** Opening SOURCE MATERIAL block **

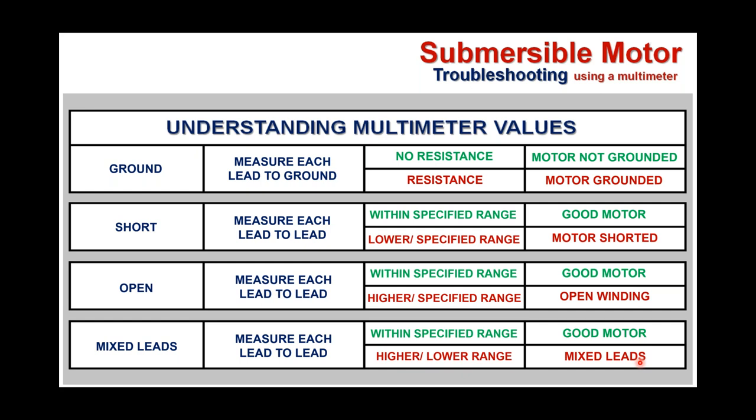With the multimeter, there's much we can tell when we understand the values and the correlations between low, intermediate, and highest. Your run and start windings (red and black) should always show the highest values. We're about 35–40 minutes in and at the end of this presentation. Ideally in hands-on training, everyone has multimeters and motors so they can go around taking readings and determine whether they have a grounded motor, shorted motor, motor with open windings, or mixed leads. Much can be determined with the use of a multimeter.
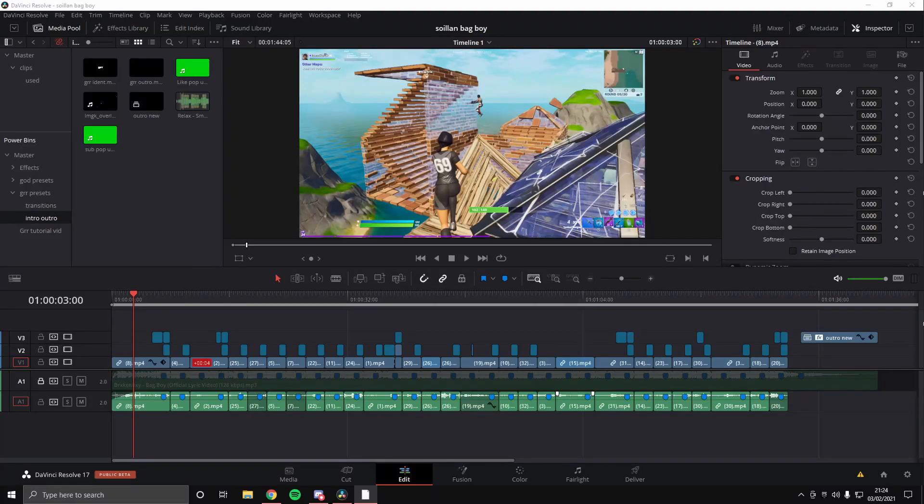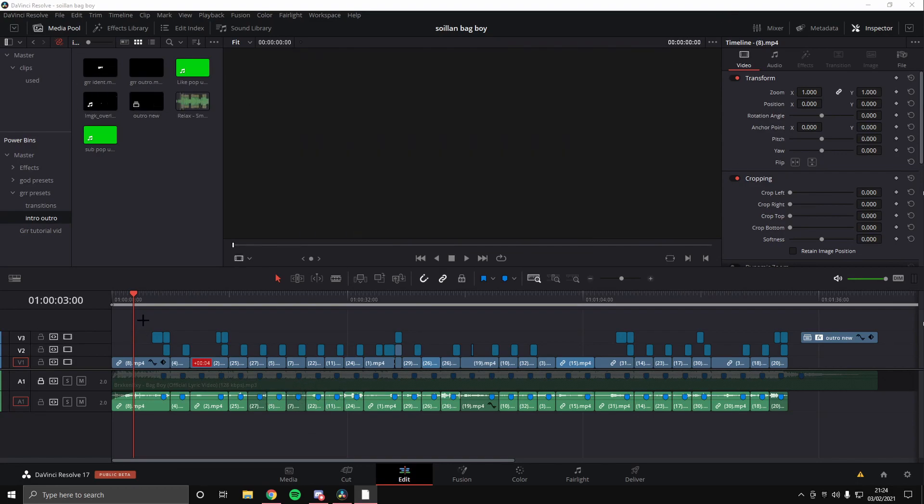Yo guys, it's Guru here back with another daily upload. Today I'm gonna show you a quick tutorial — it's just a little color correction that I hope you'll all like, because a few of you have been asking for a color correction. So yeah, let's just get straight into it.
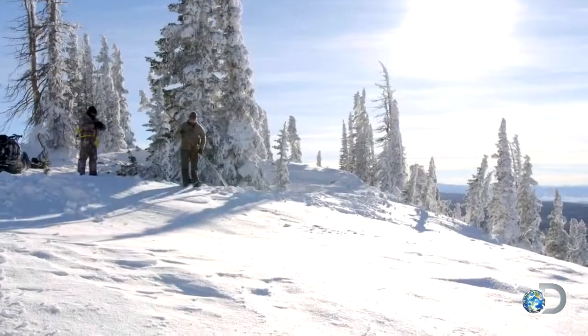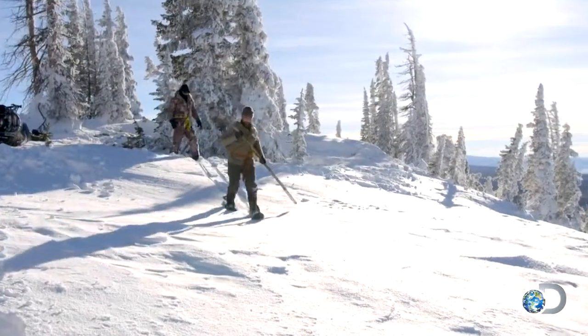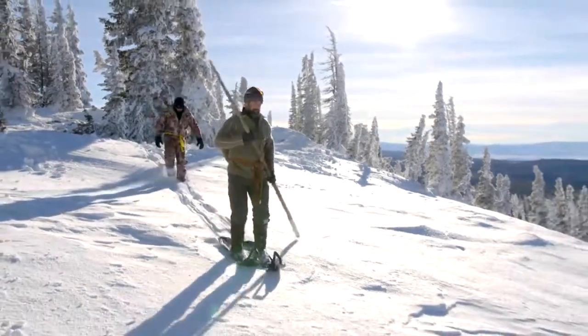You ready? Yes, sir. Yeah, these actually have a little bit of glide. We're going to be hard to follow — that's for damn sure.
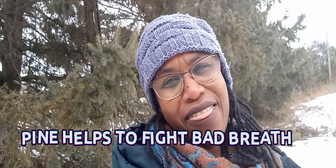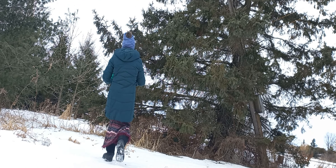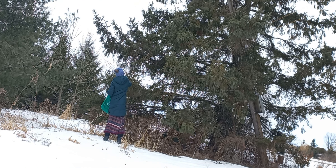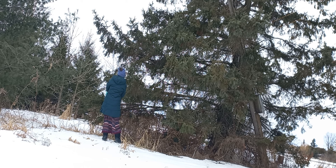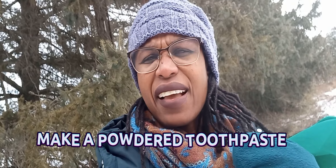Another thing you can use pine for is bad breath. You can soak the pine needles in water and use that to rinse your mouth — you can make a tea or a hydrosol and rinse your mouth with it, and it works really well. You can also grind the little needles and incorporate that with baking soda, then brush your teeth with it. This is excellent to get rid of bad breath.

** Closing SOURCE MATERIAL block **

ACTION ITEM
Copy back exactly the lines above from the one containing "Yo guys, it's" through the one containing "You ready? Yes, sir.", and leave every picture behind.

SOLUTION BELOW
Yo guys, it's Guru here back with another daily upload. Today I'm gonna show you a quick tutorial — it's just a little color correction that I hope you'll all like, because a few of you have been asking for a color correction. So yeah, let's just get straight into it.
You ready? Yes, sir. Yeah, these actually have a little bit of glide. We're going to be hard to follow — that's for damn sure.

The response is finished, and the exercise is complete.